Zhonghua Yi Xue Za Zhi. 2010 May 4;90(17):1155-8.
To compare the efficacies of different hydration strategies in protecting the renal function of the arteriosclerosis obliterans (ASO) patients undergoing endovascular treatments.
40 patients who underwent endovascular treatments for arteriosclerosis obliterans of lower extremities in the Vascular Surgery Department of PLA Hospital from January 2009 to October 2009 were divided into normal (serum creatinine < or = 110 micromol/L) and abnormal (serum creatine > 110 micromol/L) groups according to their baseline serum concentration of creatinine before treatments. Each group was treated by different hydration strategies 12 h before procedures. Changes of serum creatinine and creatinine clearance were measured 6, 24, 48 h after procedures to evaluate the changes of renal function and the effects of different hydration strategies.

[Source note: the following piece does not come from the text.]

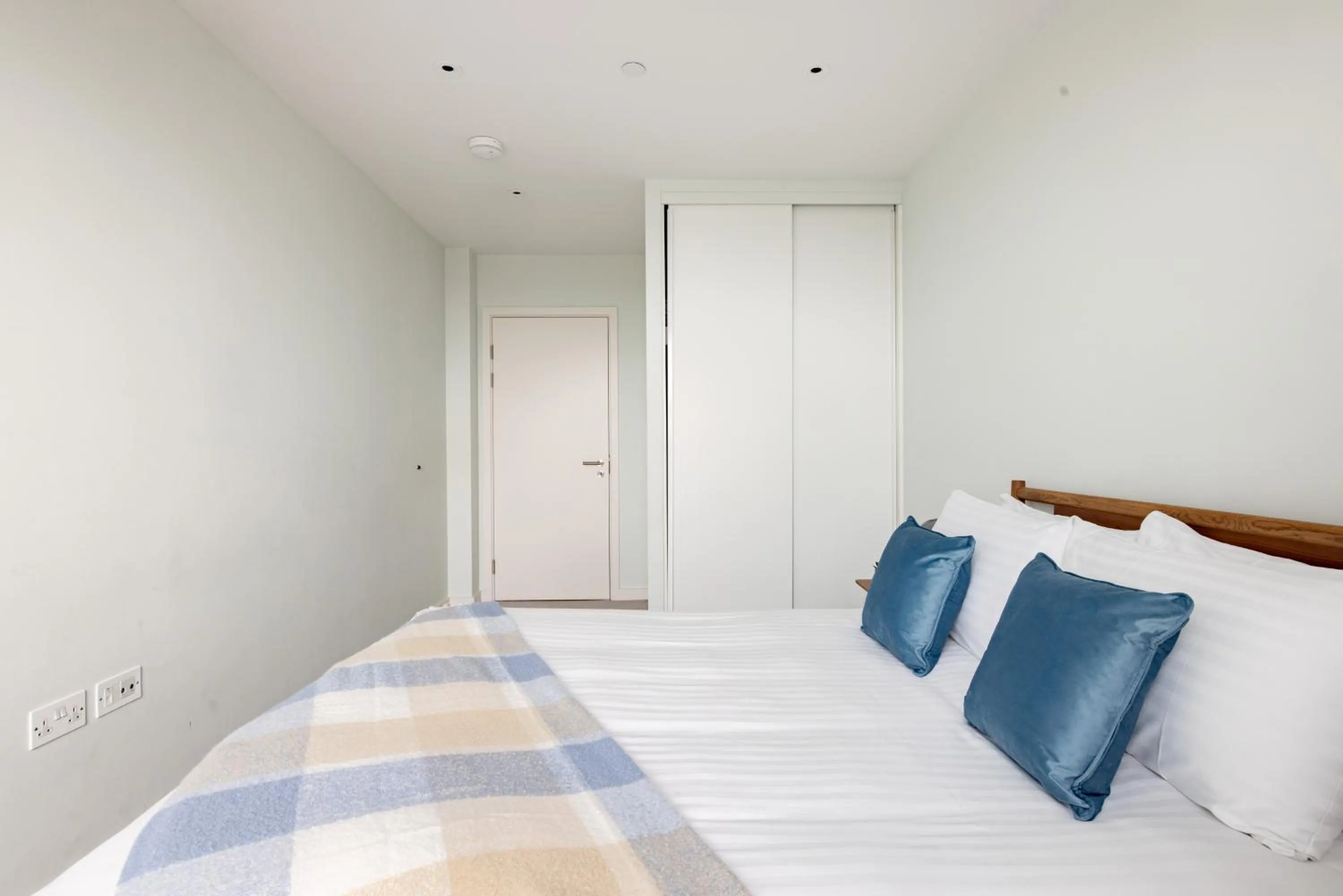 Bedroom, Bed in Charles Hope London Croydon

No contrast-induced nephropathy (CIN) was observed among the 40 patients. There are significant differences between normal saline hydration group and control group in the changes of serum creatinine and creatinine clearance 24 h and 48 h after exposure to contrast medium for the normal renal function patients (P < 0.05). For the patients pre-existing renal dysfunction, no significant difference was found between Sodium Bicarbonate + Saline group and Saline group in the changes of Scr and Ccr 6, 24, 48 h after exposure to contrast medium (P > 0.05).

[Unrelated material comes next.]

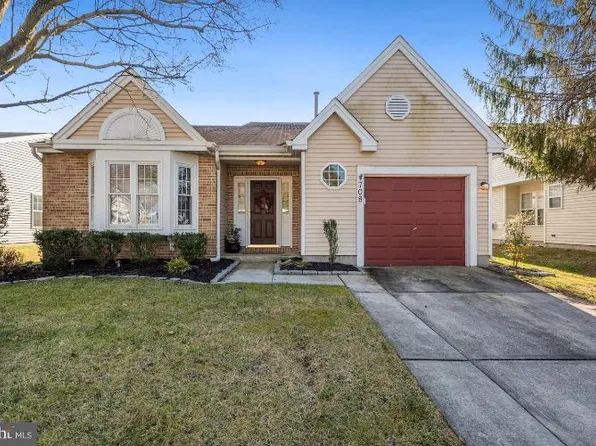 708 Cascade Dr N, Mount Laurel, NJ 08054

Sodium chloride provides a good efficacy for preventing the adverse effect of contrast medium to the renal function of the ASO patients. For the patients pre-existing renal dysfunction, Combination hydration with sodium bicarbonate is not more effective than normal saline alone in preventing contrast-induced renal dysfunction.
比较不同水化策略对接受血管腔内治疗的动脉硬化闭塞症(ASO)患者肾功能的保护效果。

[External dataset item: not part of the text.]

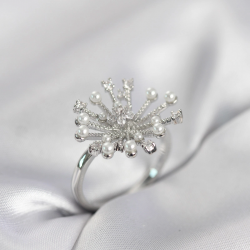 Mey İthalat® Gümüş Renk Karahindiba Model Zirkon Taşlı Kadın Yüzük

选取2009年1月至2009年10月在解放军医院血管外科接受下肢动脉硬化闭塞症血管腔内治疗的40例患者,根据治疗前血清肌酐基线浓度分为正常(血清肌酐≤110μmol/L)和异常(血清肌酐>110μmol/L)两组。每组在手术前12小时采用不同的水化策略进行治疗。分别于术后6、24、48小时测量血清肌酐和肌酐清除率的变化,以评估肾功能变化及不同水化策略的效果。
40例患者均未发生对比剂肾病(CIN)。对于肾功能正常的患者,生理盐水水化组与对照组在注射造影剂后24小时和48小时的血清肌酐和肌酐清除率变化方面存在显著差异(P<0.05)。对于术前存在肾功能不全的患者,碳酸氢钠+生理盐水组与生理盐水组在注射造影剂后6、24、48小时的Scr和Ccr变化方面无显著差异(P>0.05)。
氯化钠对预防造影剂对ASO患者肾功能的不良影响具有良好效果。对于术前存在肾功能不全的患者,碳酸氢钠联合水化在预防对比剂所致肾功能损害方面并不比单纯生理盐水更有效。